Convoy (Kino Lorber, 4/28) was a film based on a hit country song, and even when it erupts into a rather ugly depiction of police discrimination of minorities it comes across like a comic carnival ride, more intent on capturing beautiful imagery of trucks on the road and providing its audience with laughs. A nearly Shakespearean cast of misfits and archetypes meets on the highways of New Mexico and Arizona (and Texas). Led by Rubber Duck (Kris Kristofferson’s CB handle) an illegal mile-long convoy races across the interstate in hot pursuit by Sheriff Lyle Cottonmouth Wallace. It’s a thin plotline that’s pushed to the side for character development, social satire of the media and gorgeous cinematography.
When Convoy was released the country was in the midst of a Citizen’s Band Radio craze. Surely a younger audience member might wonder where the phrase “10-4 good buddy,” came from. And while comedies lampooning media coverage of news events are ever abundant nowadays they were few and far between in 1978, perhaps the best example being Network.

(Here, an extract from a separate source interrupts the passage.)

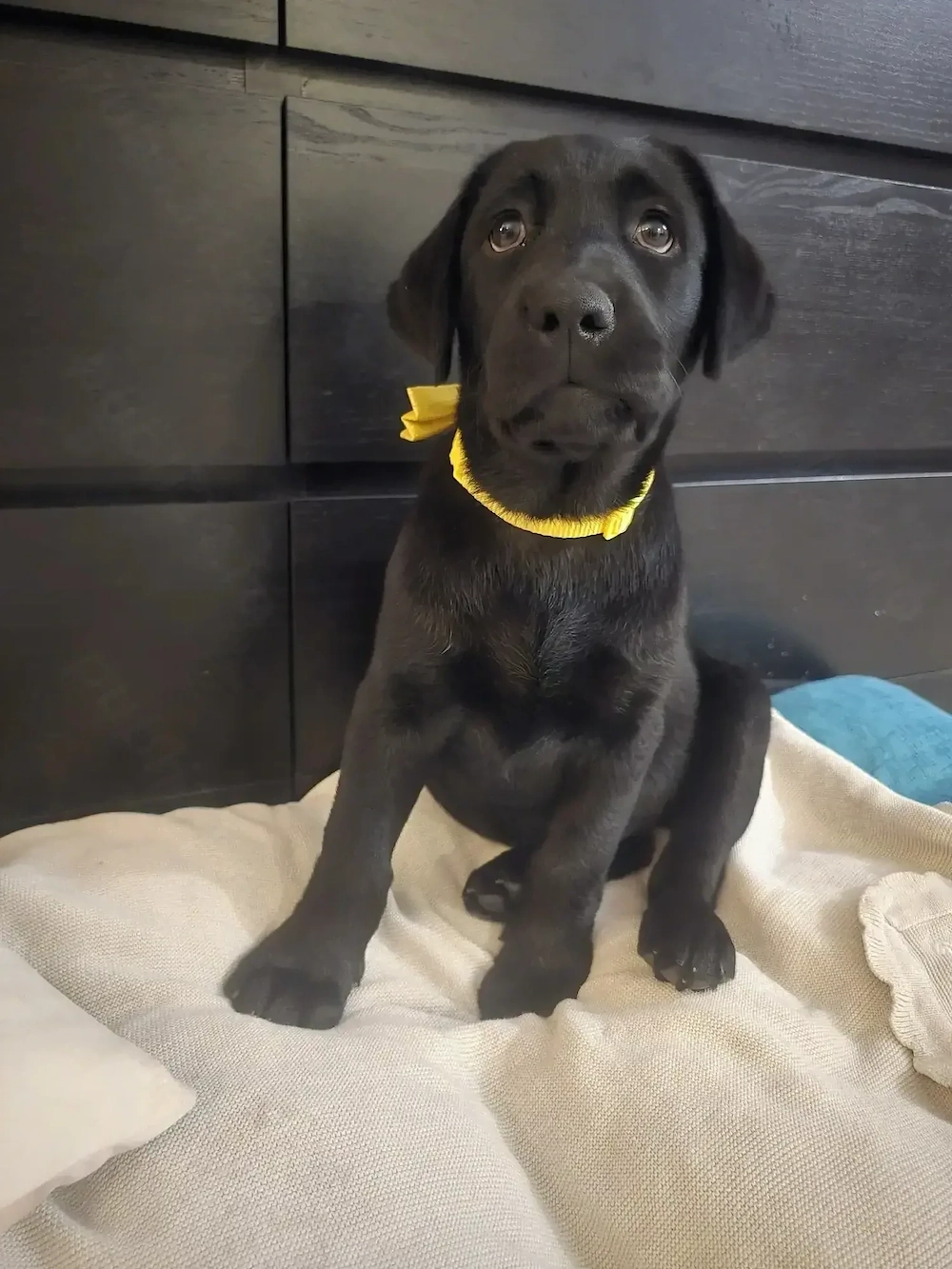 Pui de labrador isi cauta familie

Those are real 18-wheelers in a climatic scene, not CGI vehicles. The amount of time and coordination to get a single shot took hours if not all day. Imagine having to wait while everybody turned around and got into their original positions. One sequence shot in White Sands, NM just brilliantly melds the world of art film beauty with mindless action shots. The trucks appear to be floating on a layer of snow captured with long lenses. Another sequence, with many shots and editing in slo-mo, shows the 18-wheelers literally destroying a small town by driving through all the buildings. It’s a crazy but well choreographed scene that makes the trucks the main characters and glories in destruction in a manner that recalls the ending explosion of Antonioni’s Zabriskie Point.
Convoy appears late in Peckinpah’s filmography, and as such it’s no secret that he was often stoned or drunk to such an extent that critics dismiss his later films as flawed. Convoy is a delight to watch from start to finish, which in a way seems to suggest that a half pint of Peckinpah equals other directors operating at full-bore.
Convoy has previously been available on disc in far from desirable transfers. This Blu-ray release gives the film a chance to be seen in the glorious color and scope that it deserves. Ali MacGraw, Burt Young, Cassie Yates, Seymour Cassel, and Franklyn Ajaye co-star.
The disc is loaded with extras including a 73-minute doc on the film. A commentary track with Peckinpah biographers and scholars, including Garner Simmons who wrote “Peckinpah: A Portrait of Montage,” seems to damn the film with faint praise. A better choice would have been David Weddle, the author of “If They Move Kill ‘Em!: The Life and Times of Sam Peckinpah.” To date it’s the best book written about the iconic director.
“I never met a duck that couldn’t swim.”